4.5 Exploring Australian tourism data
All of the features included in the feasts
package can be computed in one line like this.
tourism_features <- tourism |>
features(Trips, feature_set(pkgs = "feasts"))
tourism_features
#> # A tibble: 304 × 51
#> Region State Purpose trend_strength seasonal_strength_year
#> <chr> <chr> <chr> <dbl> <dbl>
#> 1 Adelaide South Austral… Busine… 0.464 0.407
#> 2 Adelaide South Austral… Holiday 0.554 0.619
#> 3 Adelaide South Austral… Other 0.746 0.202
#> 4 Adelaide South Austral… Visiti… 0.435 0.452
#> 5 Adelaide Hills South Austral… Busine… 0.464 0.179
#> 6 Adelaide Hills South Austral… Holiday 0.528 0.296
#> 7 Adelaide Hills South Austral… Other 0.593 0.404
#> 8 Adelaide Hills South Austral… Visiti… 0.488 0.254
#> 9 Alice Springs Northern Terr… Busine… 0.534 0.251
#> 10 Alice Springs Northern Terr… Holiday 0.381 0.832
#> # ℹ 294 more rows
#> # ℹ 46 more variables: seasonal_peak_year <dbl>, seasonal_trough_year <dbl>,
#> # spikiness <dbl>, linearity <dbl>, curvature <dbl>, stl_e_acf1 <dbl>,
#> # stl_e_acf10 <dbl>, acf1 <dbl>, acf10 <dbl>, diff1_acf1 <dbl>,
#> # diff1_acf10 <dbl>, diff2_acf1 <dbl>, diff2_acf10 <dbl>,
#> # season_acf1 <dbl>, pacf5 <dbl>, diff1_pacf5 <dbl>, diff2_pacf5 <dbl>,
#> # season_pacf <dbl>, zero_run_mean <dbl>, nonzero_squared_cv <dbl>, …
Provided the urca
and fracdiff
packages are installed, this gives 48 features for every combination of the three key variables (Region
, State
and Purpose
). We can treat this tibble like any data set and analyse it to find interesting observations or groups of observations.
We’ve already seen how we can plot one feature against another (Section 4.3). We can also do pairwise plots of groups of features. In Figure 4.3, for example, we show all features that involve seasonality, along with the Purpose
variable.
library(glue)
tourism_features |>
select_at(vars(contains("season"), Purpose)) |>
mutate(
seasonal_peak_year = seasonal_peak_year +
4*(seasonal_peak_year==0),
seasonal_trough_year = seasonal_trough_year +
4*(seasonal_trough_year==0),
seasonal_peak_year = glue("Q{seasonal_peak_year}"),
seasonal_trough_year = glue("Q{seasonal_trough_year}"),
) |>
GGally::ggpairs(mapping = aes(colour = Purpose))
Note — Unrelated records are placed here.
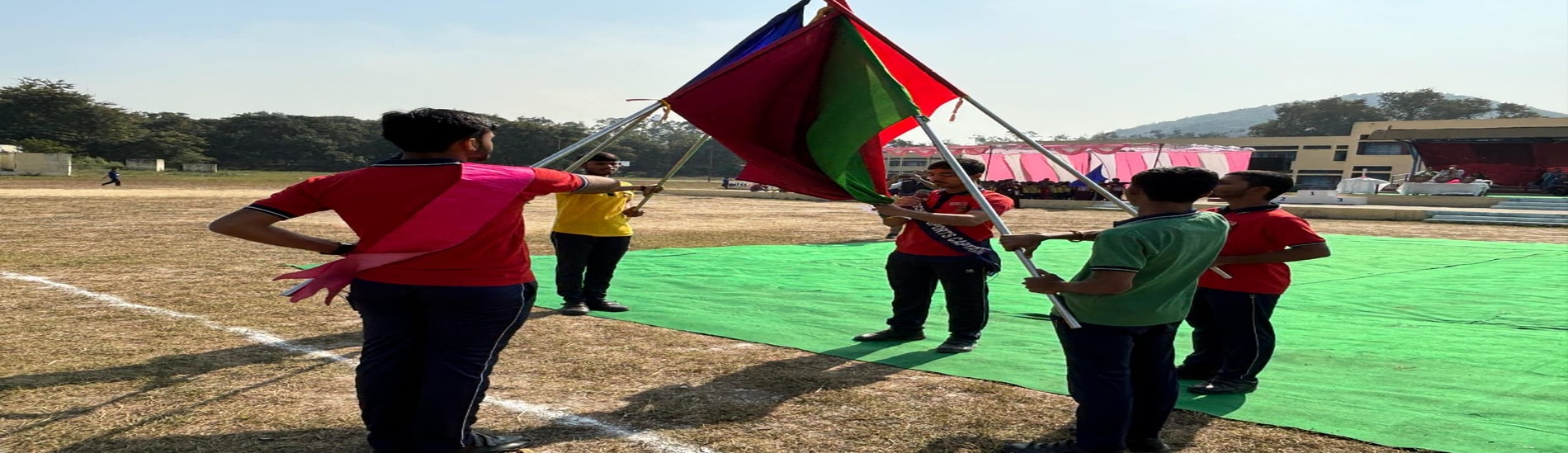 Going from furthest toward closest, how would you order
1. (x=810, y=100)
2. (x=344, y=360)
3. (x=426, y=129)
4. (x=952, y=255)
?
(x=952, y=255) → (x=344, y=360) → (x=810, y=100) → (x=426, y=129)

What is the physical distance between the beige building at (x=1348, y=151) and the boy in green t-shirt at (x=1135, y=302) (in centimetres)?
5958

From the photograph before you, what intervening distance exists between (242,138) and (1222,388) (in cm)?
9520

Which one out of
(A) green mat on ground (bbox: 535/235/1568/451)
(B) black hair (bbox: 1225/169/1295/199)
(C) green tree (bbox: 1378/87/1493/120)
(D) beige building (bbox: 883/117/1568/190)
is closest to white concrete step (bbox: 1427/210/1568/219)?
(A) green mat on ground (bbox: 535/235/1568/451)

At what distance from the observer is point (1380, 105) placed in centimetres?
12888

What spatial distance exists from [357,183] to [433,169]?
0.92 ft

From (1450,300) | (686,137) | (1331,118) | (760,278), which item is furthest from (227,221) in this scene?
(1331,118)

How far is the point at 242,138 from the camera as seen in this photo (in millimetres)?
86000

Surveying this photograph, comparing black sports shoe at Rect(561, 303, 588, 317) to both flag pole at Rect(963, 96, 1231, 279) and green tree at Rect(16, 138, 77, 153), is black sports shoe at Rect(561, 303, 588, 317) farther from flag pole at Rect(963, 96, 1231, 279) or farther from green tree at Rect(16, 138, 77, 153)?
green tree at Rect(16, 138, 77, 153)

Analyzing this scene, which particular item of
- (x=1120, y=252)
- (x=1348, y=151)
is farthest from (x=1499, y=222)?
(x=1348, y=151)

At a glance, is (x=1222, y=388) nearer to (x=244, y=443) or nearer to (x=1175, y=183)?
(x=1175, y=183)

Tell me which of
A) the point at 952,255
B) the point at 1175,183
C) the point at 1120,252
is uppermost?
the point at 1175,183

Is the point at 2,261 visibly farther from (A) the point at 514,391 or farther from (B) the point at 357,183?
(B) the point at 357,183

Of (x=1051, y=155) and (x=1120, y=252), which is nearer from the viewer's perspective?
(x=1120, y=252)

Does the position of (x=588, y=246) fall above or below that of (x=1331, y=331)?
above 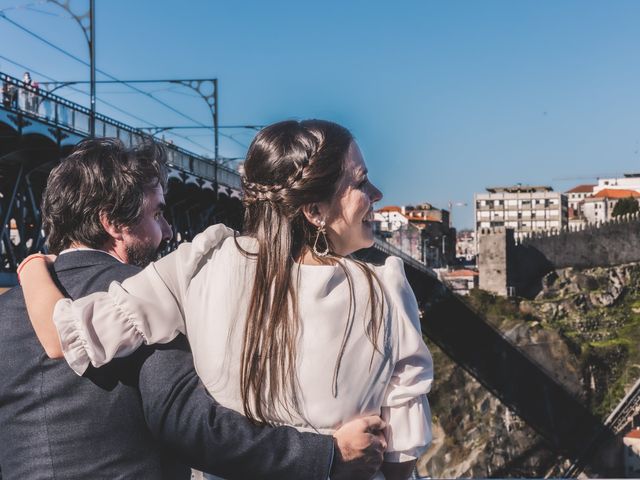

Figure 4.3: Pairwise plots of all the seasonal features for the Australian tourism data
Here, the Purpose
variable is mapped to colour. There is a lot of information in this figure, and we will highlight just a few things we can learn.
- The three numerical measures related to seasonality (
seasonal_strength_year
,season_acf1
andseason_pacf
) are all positively correlated. - The bottom left panel and the top right panel both show that the most strongly seasonal series are related to holidays (as we saw previously).
- The bar plots in the bottom row of the
seasonal_peak_year
andseasonal_trough_year
columns show that seasonal peaks in Business travel occur most often in Quarter 3, and least often in Quarter 1.
It is difficult to explore more than a handful of variables in this way. A useful way to handle many more variables is to use a dimension reduction technique such as principal components. This gives linear combinations of variables that explain the most variation in the original data. We can compute the principal components of the tourism features as follows.
library(broom)
pcs <- tourism_features |>
select(-State, -Region, -Purpose) |>
prcomp(scale = TRUE) |>
augment(tourism_features)
pcs |>
ggplot(aes(x = .fittedPC1, y = .fittedPC2, col = Purpose)) +
geom_point() +
theme(aspect.ratio = 1)

Figure 4.4: A plot of the first two principal components, calculated from the 48 features of the Australian quarterly tourism data.
Each point on Figure 4.4 represents one series and its location on the plot is based on all 48 features. The first principal component (.fittedPC1
) is the linear combination of the features which explains the most variation in the data. The second principal component (.fittedPC2
) is the linear combination which explains the next most variation in the data, while being uncorrelated with the first principal component. For more information about principal component dimension reduction, see Izenman (2008).
Figure 4.4 reveals a few things about the tourism data. First, the holiday series behave quite differently from the rest of the series. Almost all of the holiday series appear in the top half of the plot, while almost all of the remaining series appear in the bottom half of the plot. Clearly, the second principal component is distinguishing between holidays and other types of travel.
The plot also allows us to identify anomalous time series — series which have unusual feature combinations. These appear as points that are separate from the majority of series in Figure 4.4. There are four that stand out, and we can identify which series they correspond to as follows.
outliers <- pcs |>
filter(.fittedPC1 > 10) |>
select(Region, State, Purpose, .fittedPC1, .fittedPC2)
outliers
#> # A tibble: 4 × 5
#> Region State Purpose .fittedPC1 .fittedPC2
#> <chr> <chr> <chr> <dbl> <dbl>
#> 1 Australia's North West Western Australia Business 13.4 -11.3
#> 2 Australia's South West Western Australia Holiday 10.9 0.880
#> 3 Melbourne Victoria Holiday 12.3 -10.4
#> 4 South Coast New South Wales Holiday 11.9 9.42
outliers |>
left_join(tourism, by = c("State", "Region", "Purpose"), multiple = "all") |>
mutate(Series = glue("{State}", "{Region}", "{Purpose}", .sep = "\n\n")) |>
ggplot(aes(x = Quarter, y = Trips)) +
geom_line() +
facet_grid(Series ~ ., scales = "free") +
labs(title = "Outlying time series in PC space")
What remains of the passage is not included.